Self-regulation preferable to legislation says CFA head

Members of New Zealand’s investment sector have received a global accolade for ethics and standards at the same time as Commerce Minister Margaret Wilson introduced a Bill to Parliament setting out tougher rules for the financial markets.

Tuesday, December 14th 2004, 6:24AM

The increasingly prestigious Chartered Financial Analyst (CFA) qualification was handed over to 92 of New Zealand’s analysts, who passed the third and final examination this year, by Dr Bob Johnson, executive vice-president of the CFA programme.

A total of 168 NZ candidates sat level one – three exams with 98 passing. That gave New Zealand the highest percentage pass rate among the 116 countries with the programme.

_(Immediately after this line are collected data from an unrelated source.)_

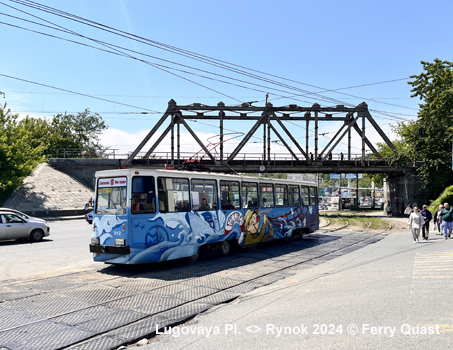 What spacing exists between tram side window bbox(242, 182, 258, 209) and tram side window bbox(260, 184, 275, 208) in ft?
1.55

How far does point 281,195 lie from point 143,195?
811cm

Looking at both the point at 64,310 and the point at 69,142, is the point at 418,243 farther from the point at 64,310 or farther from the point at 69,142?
the point at 69,142

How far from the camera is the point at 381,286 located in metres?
8.94

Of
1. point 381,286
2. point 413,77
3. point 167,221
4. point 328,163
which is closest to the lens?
point 381,286

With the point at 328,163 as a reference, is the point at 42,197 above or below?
below

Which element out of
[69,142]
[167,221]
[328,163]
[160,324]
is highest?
[69,142]

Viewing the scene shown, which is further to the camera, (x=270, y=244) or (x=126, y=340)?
(x=270, y=244)

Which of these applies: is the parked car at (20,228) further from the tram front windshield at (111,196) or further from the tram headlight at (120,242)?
the tram headlight at (120,242)

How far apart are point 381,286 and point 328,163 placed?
129 feet

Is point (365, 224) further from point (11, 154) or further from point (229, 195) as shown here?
point (11, 154)

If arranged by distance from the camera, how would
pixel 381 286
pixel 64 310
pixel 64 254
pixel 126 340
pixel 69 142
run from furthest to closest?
pixel 69 142 → pixel 64 254 → pixel 381 286 → pixel 64 310 → pixel 126 340

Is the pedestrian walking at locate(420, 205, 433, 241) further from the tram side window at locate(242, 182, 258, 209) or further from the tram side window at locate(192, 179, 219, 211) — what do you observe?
the tram side window at locate(192, 179, 219, 211)

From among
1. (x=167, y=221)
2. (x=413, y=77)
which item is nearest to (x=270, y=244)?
(x=167, y=221)

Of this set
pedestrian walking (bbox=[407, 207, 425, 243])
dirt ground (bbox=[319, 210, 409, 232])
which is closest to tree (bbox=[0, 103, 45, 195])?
dirt ground (bbox=[319, 210, 409, 232]) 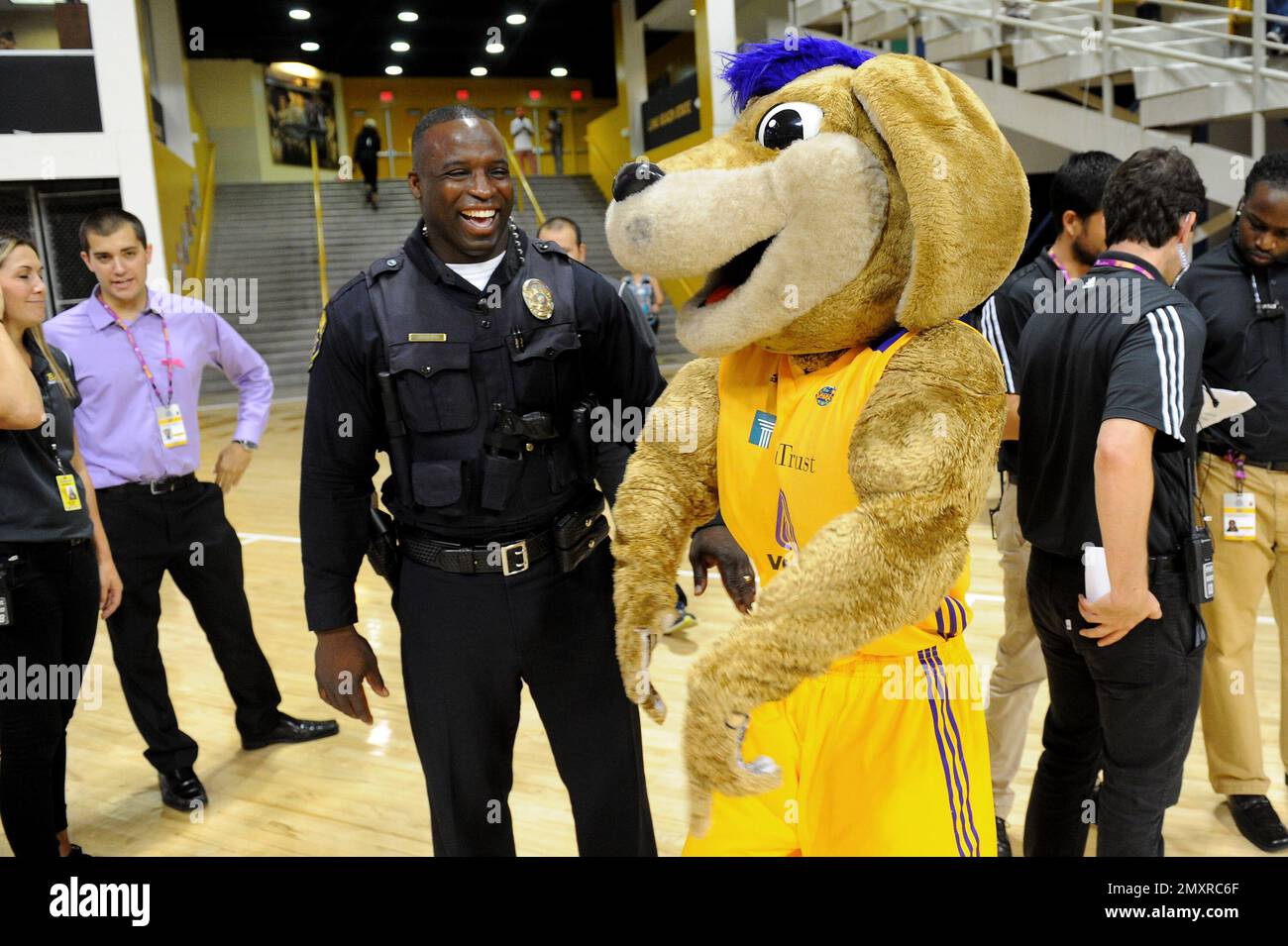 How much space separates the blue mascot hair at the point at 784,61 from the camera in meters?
1.67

Johnson says the exams, which measure ethical and professional standards, securities analysis and valuation, financial statement analysis, quantitative methods, economics, corporate finance, portfolio management and performance measurements, are highly regarded throughout the world.

Johnson believes with measurements like the CFA in place, the financial sector should continue to be more self-regulated.

However, New Zealand’s move toward more regulation parallels the United States. “Regulation is very often crisis driven,” he says.

The Securities Legislation Bill Wilson introduced to Parliament on November 30 has tougher disclosure rules for advisers, broadens the definition of insiders, introduces criminal remedies for insider trading as well as civil penalties and has new market manipulation laws.

"We want to deter misconduct in our markets," Wilson said. "When investors see that we are serious about deterring, detecting and punishing this sort of behaviour, New Zealand becomes a more attractive investment destination."

Johnson agrees there are some circumstances where regulation is required to protect the investor and points to the proliferation of hedge funds globally.

He says the unregulated hedge funds sector operates on a different playing field than managed funds.

One consequence is that “bad actors” gravitate to the least regulated field. “It’s about the integrity of the financial markets,” Johnson says.

“Once people lose confidence (in those markets), it is detrimental for economic growth and development.”